Draw how you are going to run the conduit from point to point. We can help you with the wiring... Post the pictures and I can AutoCad the thing for you with wire counts per pipe. No way I can figure out what you are trying to do or counts in the pipe if I don't know the final piping scheme or intent of the owner
Gary has it right and this is a great offer. We can tell you how the wires hook up schematically, but if that doesn't tell you what wires you need in what conduit then we can't help without the actual conduit routing. Your fist post is not exactly right. Electrically you have to look at three way and four way switches separately.
3-way switches have power from the panel coming in one end, two wires between them we call travelers, and a switch leg coming out the other end. When you do a house in romex you usually do as you said, run 3 wire looped through. That third wire is not always the neutral though. It can be the hot, the neutral or the switch leg, depending on how you twist the wire nuts together and which end you feed the lights from.
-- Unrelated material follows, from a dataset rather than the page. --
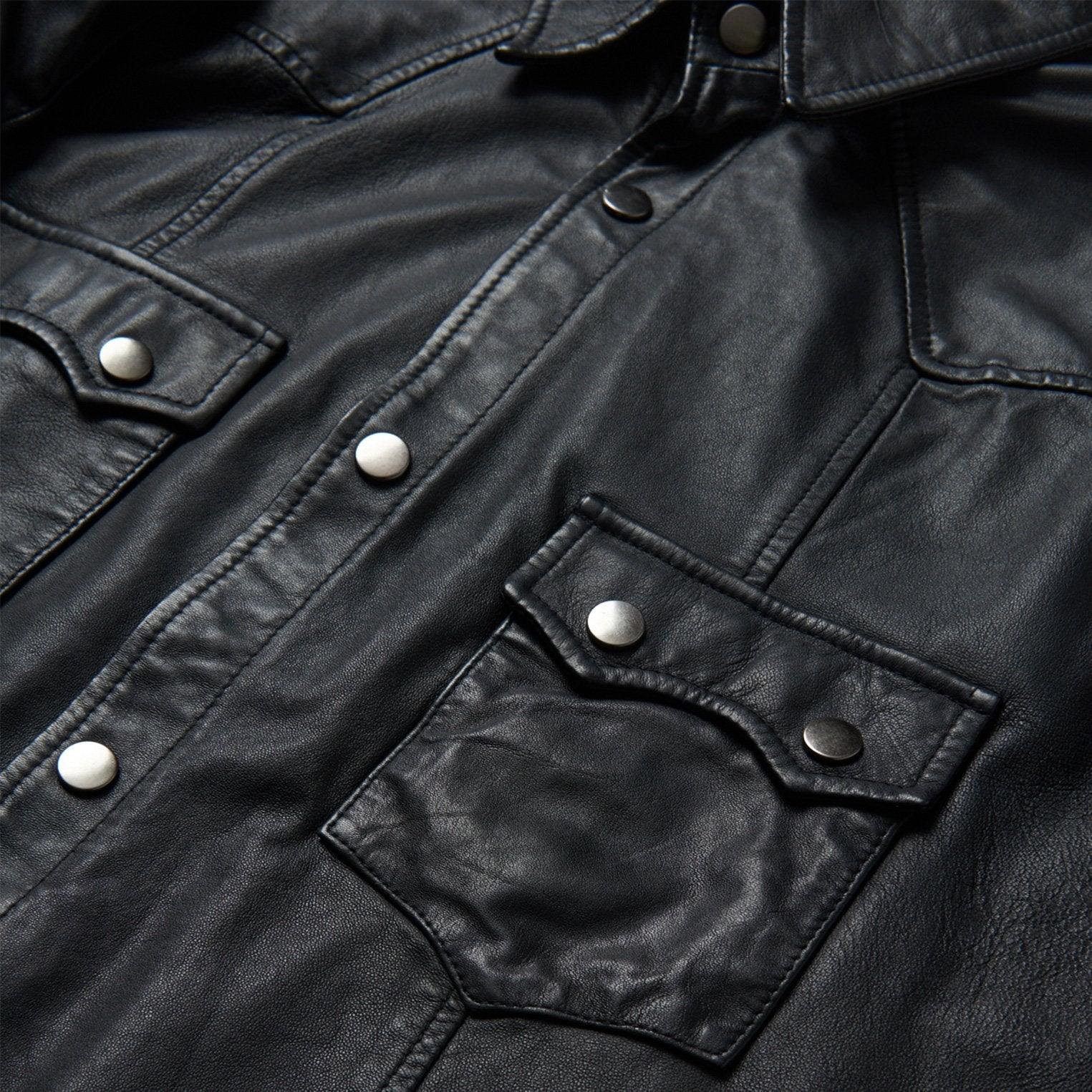 Stetson Leather Western Shirt Jacket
4-way switches merely intercept the travelers so they require four wires to them 2 in and 2 out. But since, in a house you are "carrying" one of the above wires through, you run 3 wire each way.
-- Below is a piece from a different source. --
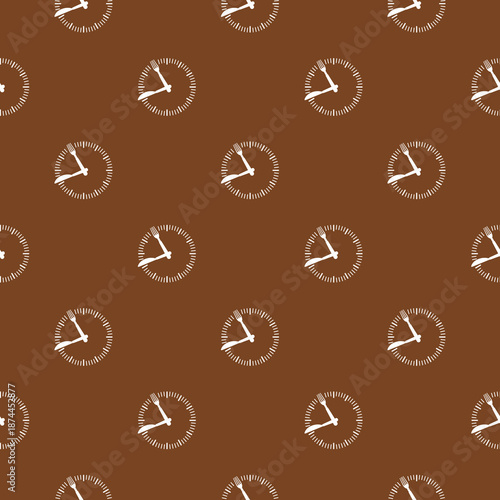 Time eat lunch seamless pattern isolated on color background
In most conduit situations, you will have one conduit running to a four way that is "junctioned" So that conduit will only get the 4 wires and the ground as discussed.
Regarding you fundamental question of whether you have to run the neutral with the other conductors, the answer is more complicated than yes or no. The neutral has to share the path with the hot, and/or switch leg, but not when it is going to a control device. The intent of the code is that you don't have the hot traveling one way around the house and the neutral traveling another.
Hope this helps. Again, take Gary up on his suggestion.